Input data.

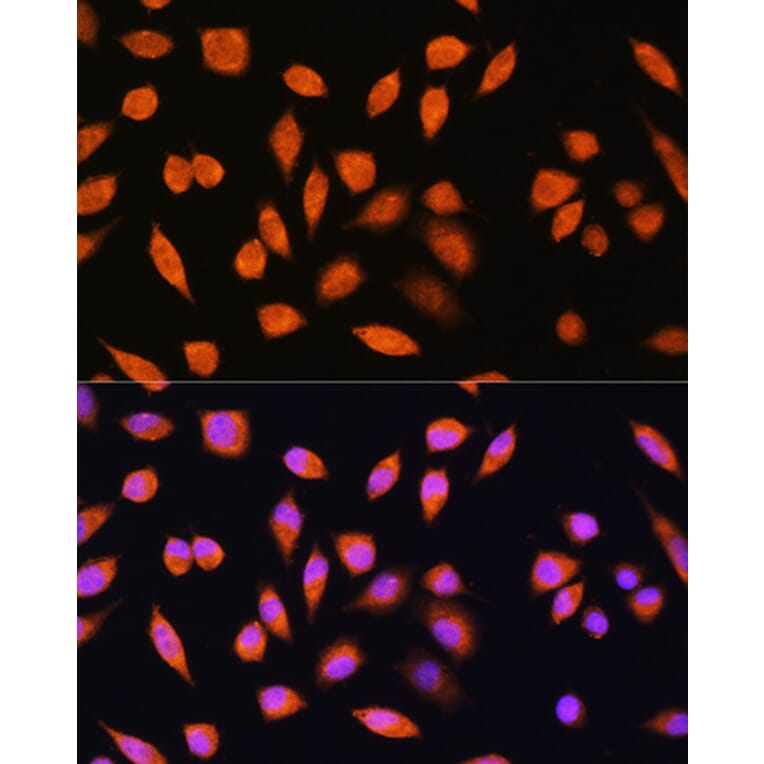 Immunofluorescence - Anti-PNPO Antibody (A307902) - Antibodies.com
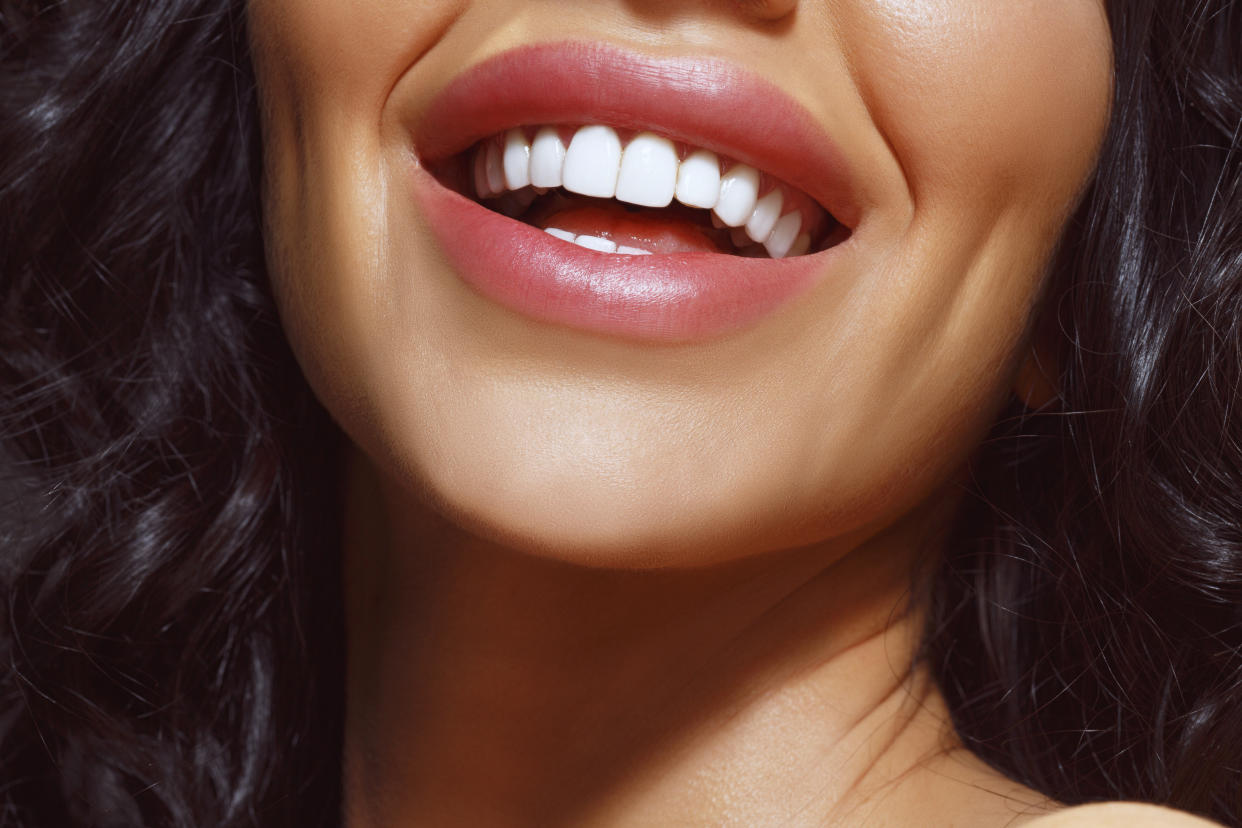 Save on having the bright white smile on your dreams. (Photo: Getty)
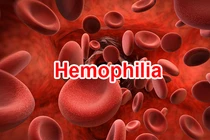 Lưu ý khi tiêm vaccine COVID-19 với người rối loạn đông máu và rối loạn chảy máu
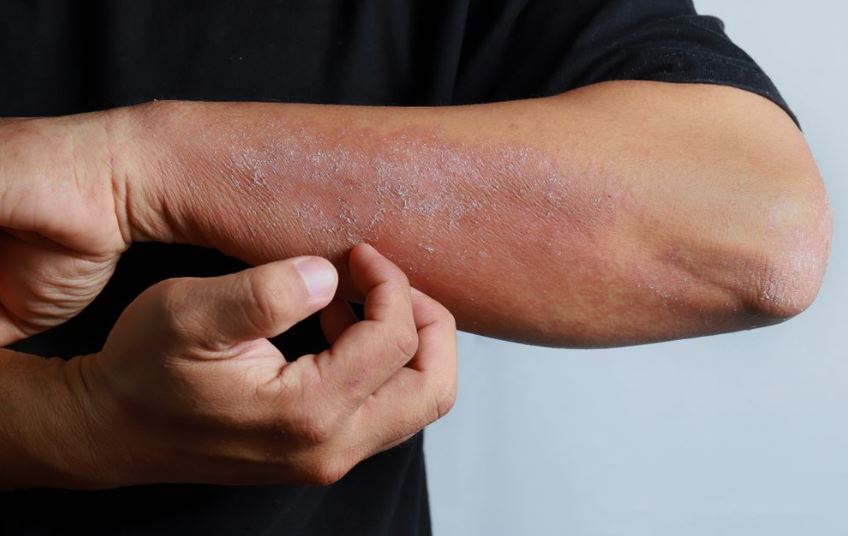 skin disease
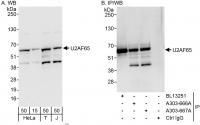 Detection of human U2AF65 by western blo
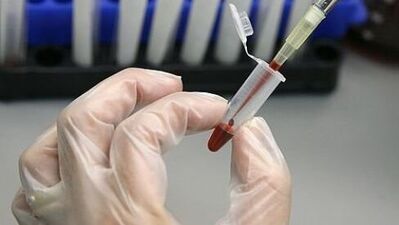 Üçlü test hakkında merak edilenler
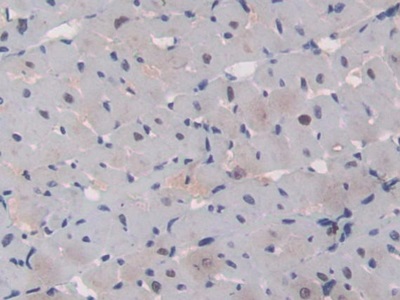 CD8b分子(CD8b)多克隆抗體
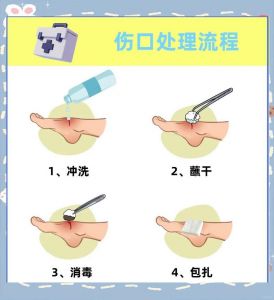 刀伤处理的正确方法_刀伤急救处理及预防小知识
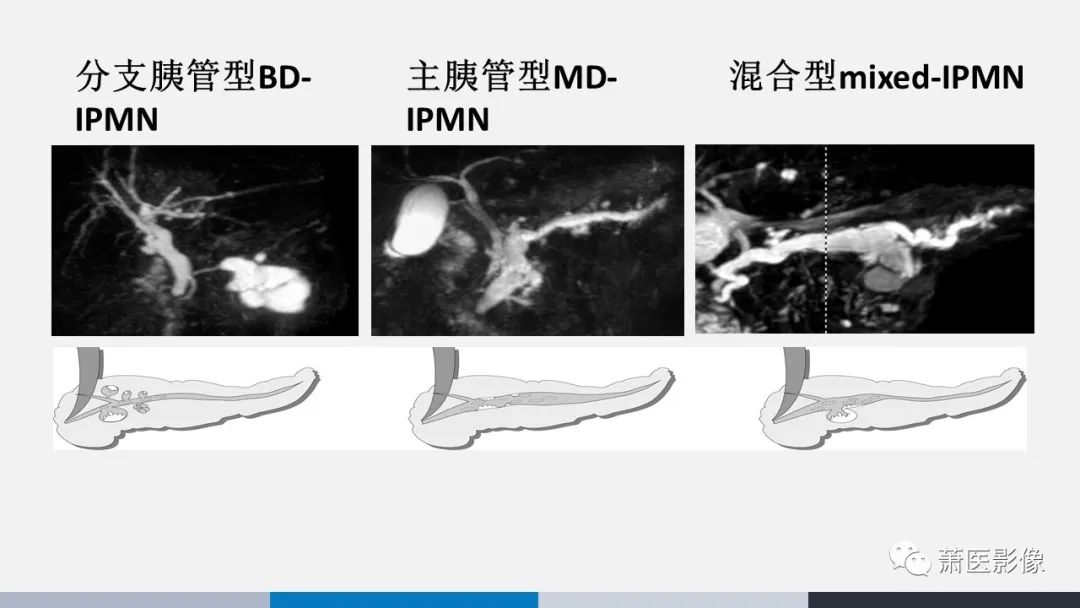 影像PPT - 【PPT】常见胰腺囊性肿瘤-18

Work instruction.
Restate verbatim the lines that begin at the one holding "Detection of human U2AF65 by western blo" and end at the last line of the material. Exclude pictures.

Answer area.
 Detection of human U2AF65 by western blo
 Üçlü test hakkında merak edilenler
 CD8b分子(CD8b)多克隆抗體
 刀伤处理的正确方法_刀伤急救处理及预防小知识
 影像PPT - 【PPT】常见胰腺囊性肿瘤-18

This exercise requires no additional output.